If you’re a regular reader here (of course that implies regular content, which is not always the case, but still you know what I mean, I hope), you know that I’ve spent the past year or so trying to eradicate the word “busy” from my vocabulary (if you’re not a regular reader, see here, here, and here).
The past two weeks have been particularly challenging as the beginning of the semester is, by any standard, objectively quite hectic (or busy) — and I have the distinct sense that by NOT answering the question, “How are things? Busy?” with “yes,” I’m perceived as a slacker (because otherwise I would of course be busy at this time of the year). Still, I am trying to avoid playing the “who’s busier” game and also trying to remember to include time for fun. I was reminded of the importance of fun this past Friday. After checking out the goings-ons at KC Ballet’s new home, we headed to the R Bar (a super fun local place that you should check out if you haven’t been) to hear some live music. Sitting at the bar, I found myself next to a couple in their 50s or so. Super chatty, they started asking me questions about who was playing (which I was actually able to answer, since I knew the musicians), and then continued to chat with me as the night went on. I learned that they like to frequent Houlihan’s, Long Island Iced Teas, and dancing. They proved the latter by being the only ones in the bar to get up and dance to the second band.

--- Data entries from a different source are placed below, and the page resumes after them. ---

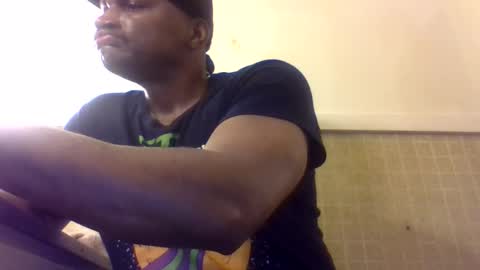 Roshun Haynes online show from May 10, 7:24 am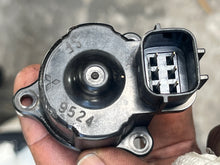 Cargar imagen en el visor de la galería, DF 200 hp Suzuki IAC VALVE intake manifold 18137-93J00 four stroke 2015-2019 some 150 175 compatibility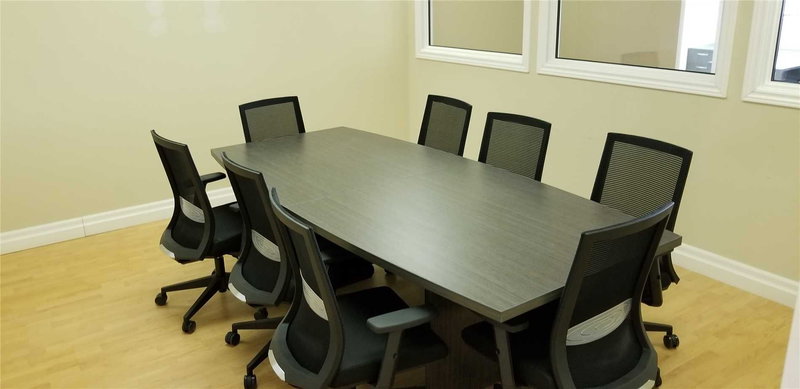 205 - 15 Harwood Ave S, Ajax, L1S 2B9 | Image 2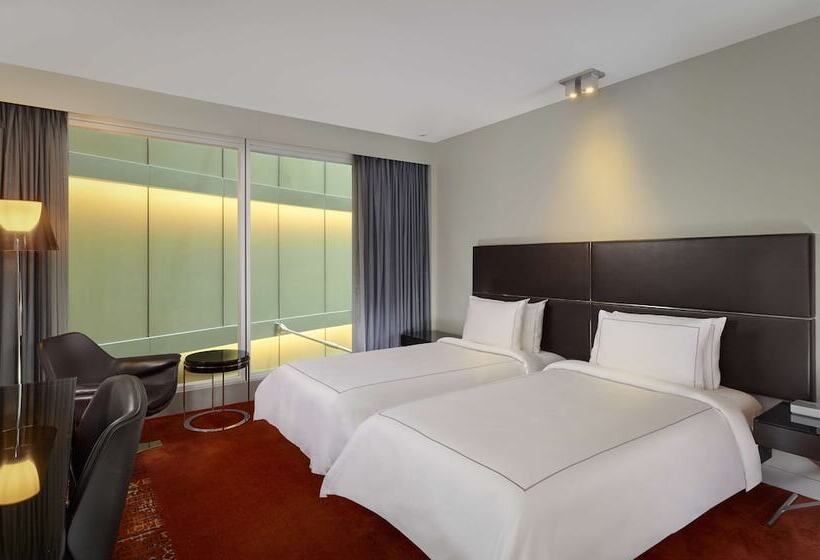 2 Bedroom Suite with Terrace, Park Plaza London Westminster Bridge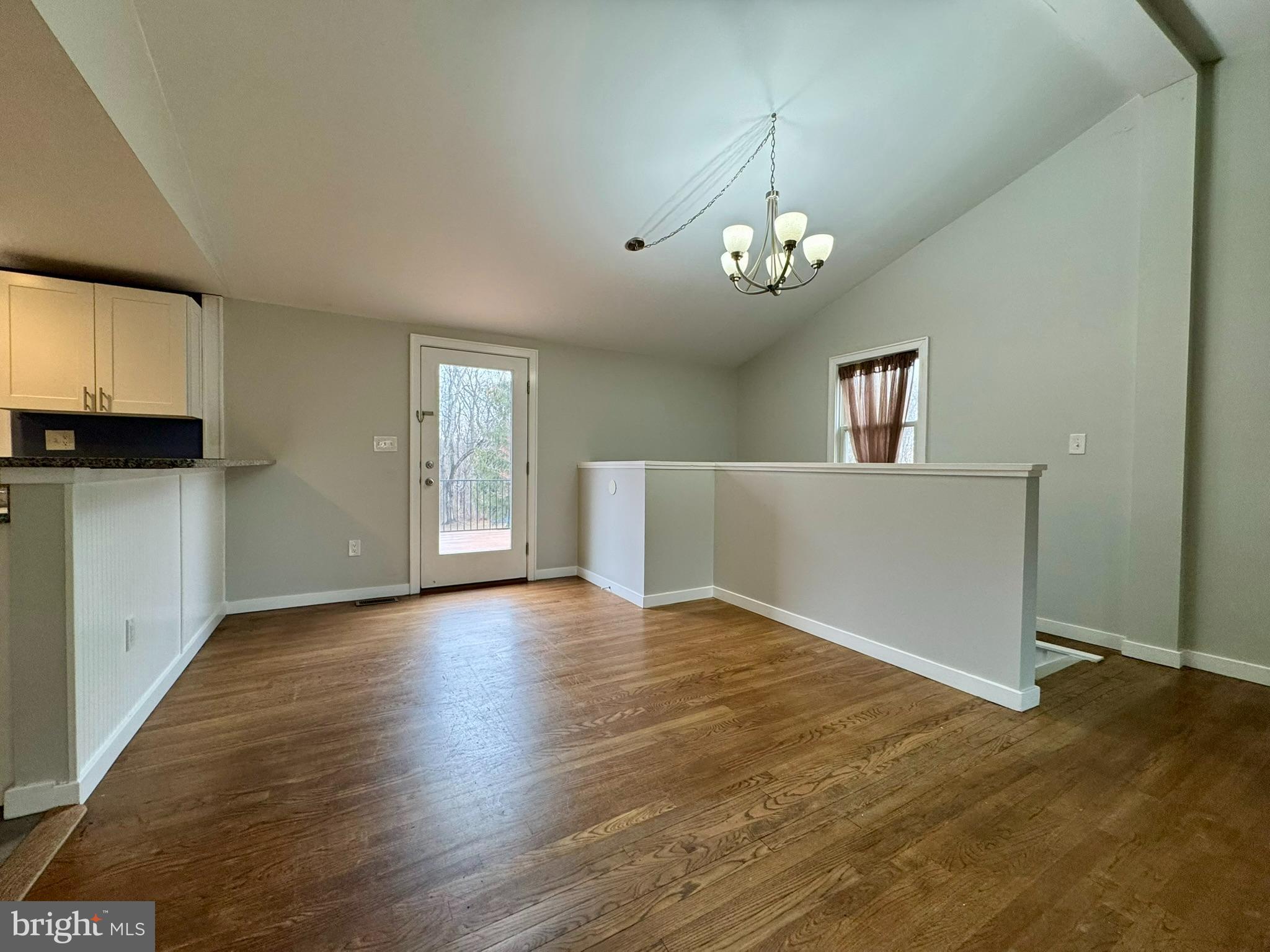 COUNTY VIEW - Residential Lease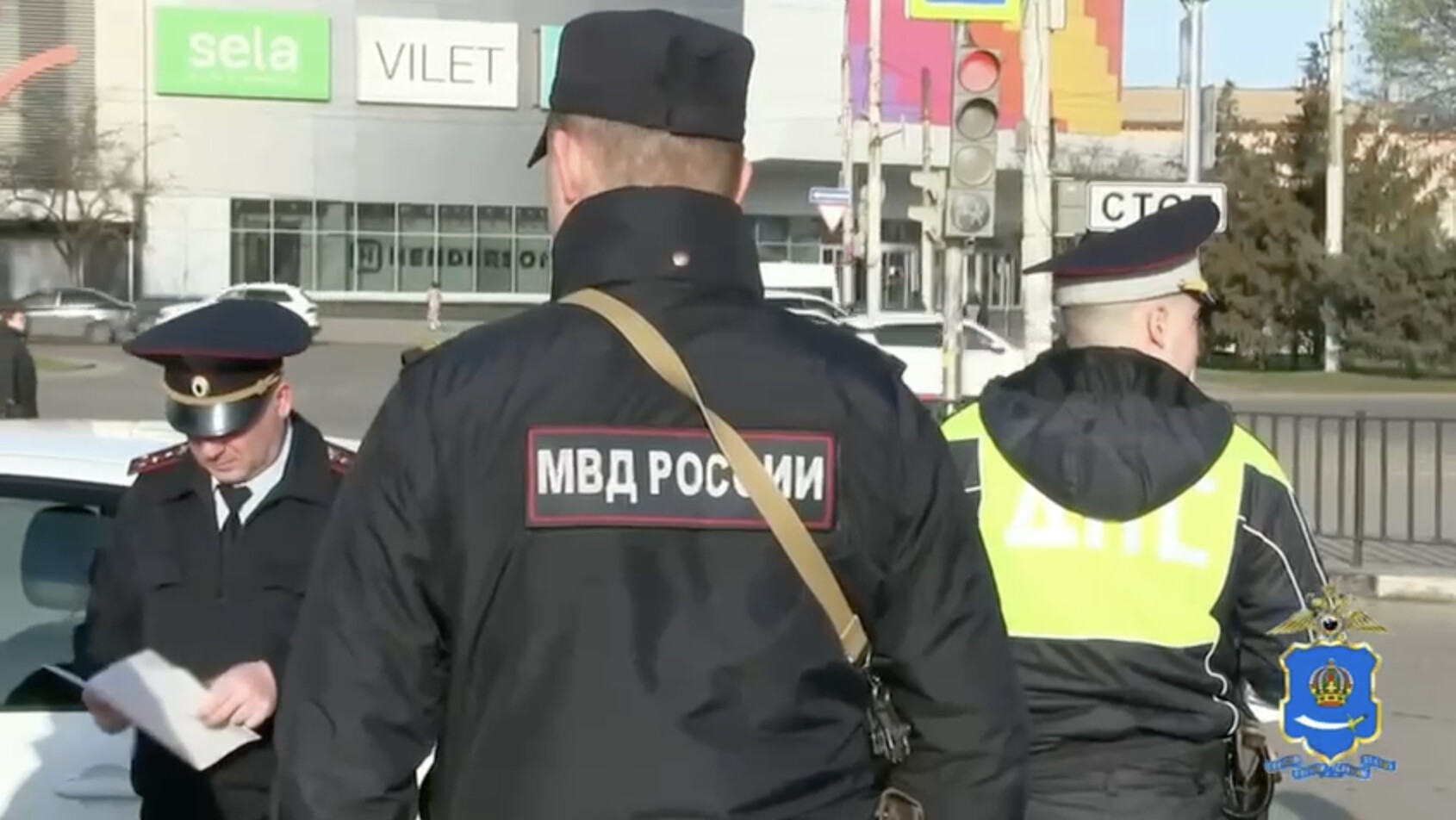 В Астрахани на вокзале поймали двух мигрантов без документов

Why I am telling you this, you may ask? Because that couple was so full of pure joy and fun that they made my evening better. I spend my days working in higher education, which is disproportionately populated with workaholics for whom “fun” can be a dirty word (see Karen Kelsky’s post “Death of a Soul on Campus” for a good description. I should note here that I have been lucky enough at UMKC to find the fun folks, but even they sometimes choose work more often than fun. I include myself in this group). So it was nice to find myself this past Friday with people who knew how to have fun — and who reminded me how important it is. After all, I work better when I remember to take breaks and find the time for fun. In student affairs, we talk often about balance, but I think we sometimes forget that balance doesn’t just mean finding time for family (which, let’s face it, can be another form of work sometimes), but that it can also mean finding time for ourselves to experience joy. As the semester pace continues to ramp up, I challenge myself and you to remember that and to make time for fun. We’ll all be better off for it.